Records drawn from a dataset:
= Beginning of Section =
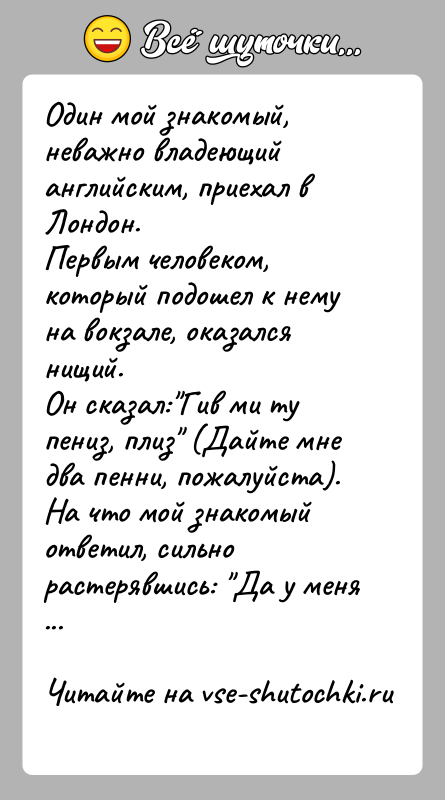История: Один мой знакомый, неважно владеющий английским, приехал в Лондон.Первым человеком, который подошел к нему на вокзале, оказался нищий.Он сказал: Гив ми
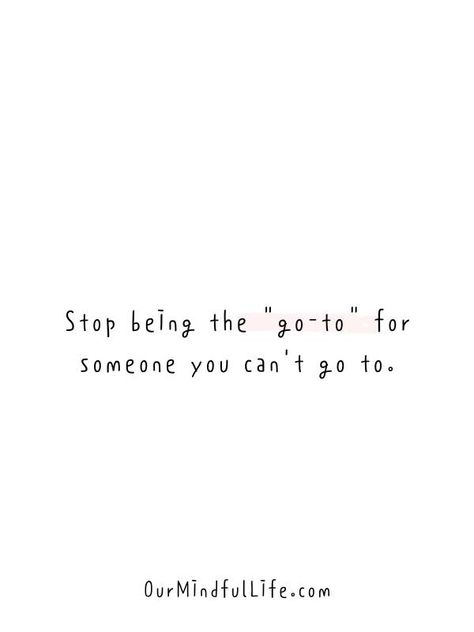 Stop being the "go-to" for someone you can't go to. Heart-wrenching quotes about fake friends and fake people that are totally relatable - OurMindfulLife.com Motivation, Real Friends, Inspiration, Being Used Quotes, Stop Doing Things For People Quotes, People That Use You Quotes, Being Real Quotes, Quotes About Mean People, Letting Someone Go Quotes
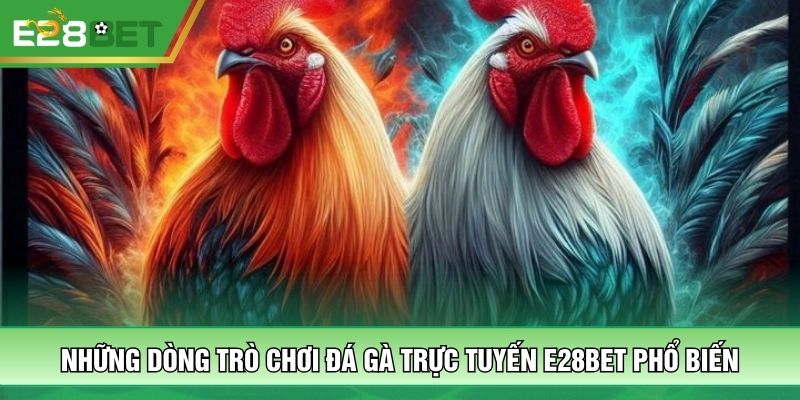 Những dòng trò chơi đá gà trực tuyến E28BET phổ biến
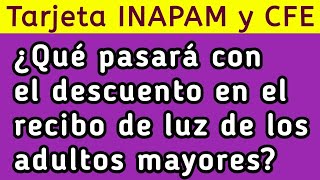 Tarjeta INAPAM y CFE ¿Qué pasará con el descuento en el recibo de luz de los adultos mayores [upl. by Reyna937]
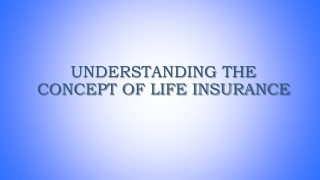 Understanding the Concept of Life Insurance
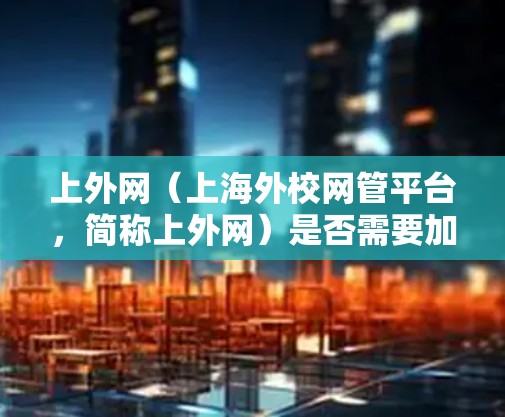 上外网(上海外校网管平台,简称上外网)是否需要加速器,取决于您对网络性能的具体需求和需求。以下是一个详细的回答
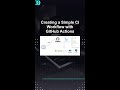 Creating a Simple CI Workflow with GitHub Actions #ai #artificialintelligence #machinelearning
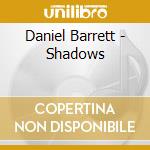 Daniel Barrett - Shadows cd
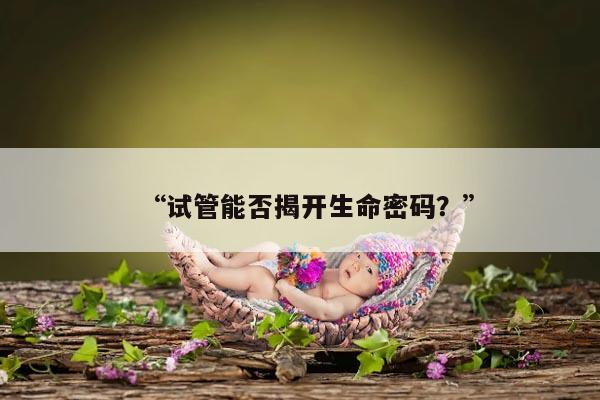 “试管能否揭开生命密码？”
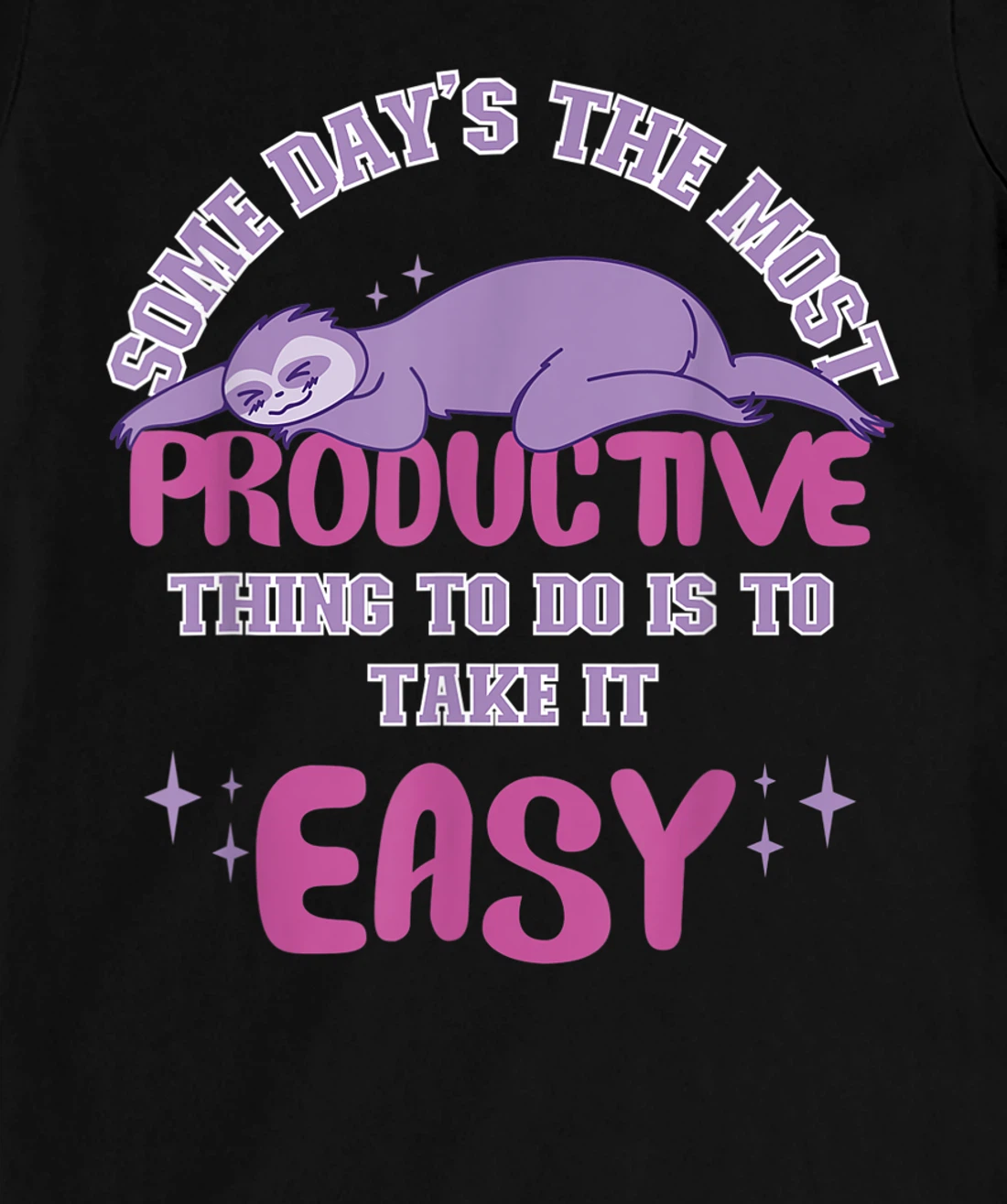 Some Days The Most Productive Thing To Do Is To Take It Easy T-Shirt, Women T-Shirt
= End of Section =
▸ **Your goal**: Please output every entry above exactly, without the pictures.

▸ **Completed task**:
История: Один мой знакомый, неважно владеющий английским, приехал в Лондон.Первым человеком, который подошел к нему на вокзале, оказался нищий.Он сказал: Гив ми
 Stop being the "go-to" for someone you can't go to. Heart-wrenching quotes about fake friends and fake people that are totally relatable - OurMindfulLife.com Motivation, Real Friends, Inspiration, Being Used Quotes, Stop Doing Things For People Quotes, People That Use You Quotes, Being Real Quotes, Quotes About Mean People, Letting Someone Go Quotes
 Những dòng trò chơi đá gà trực tuyến E28BET phổ biến
 Tarjeta INAPAM y CFE ¿Qué pasará con el descuento en el recibo de luz de los adultos mayores [upl. by Reyna937]
 Understanding the Concept of Life Insurance
 上外网(上海外校网管平台,简称上外网)是否需要加速器,取决于您对网络性能的具体需求和需求。以下是一个详细的回答
 Creating a Simple CI Workflow with GitHub Actions #ai #artificialintelligence #machinelearning
 Daniel Barrett - Shadows cd
 “试管能否揭开生命密码？”
 Some Days The Most Productive Thing To Do Is To Take It Easy T-Shirt, Women T-Shirt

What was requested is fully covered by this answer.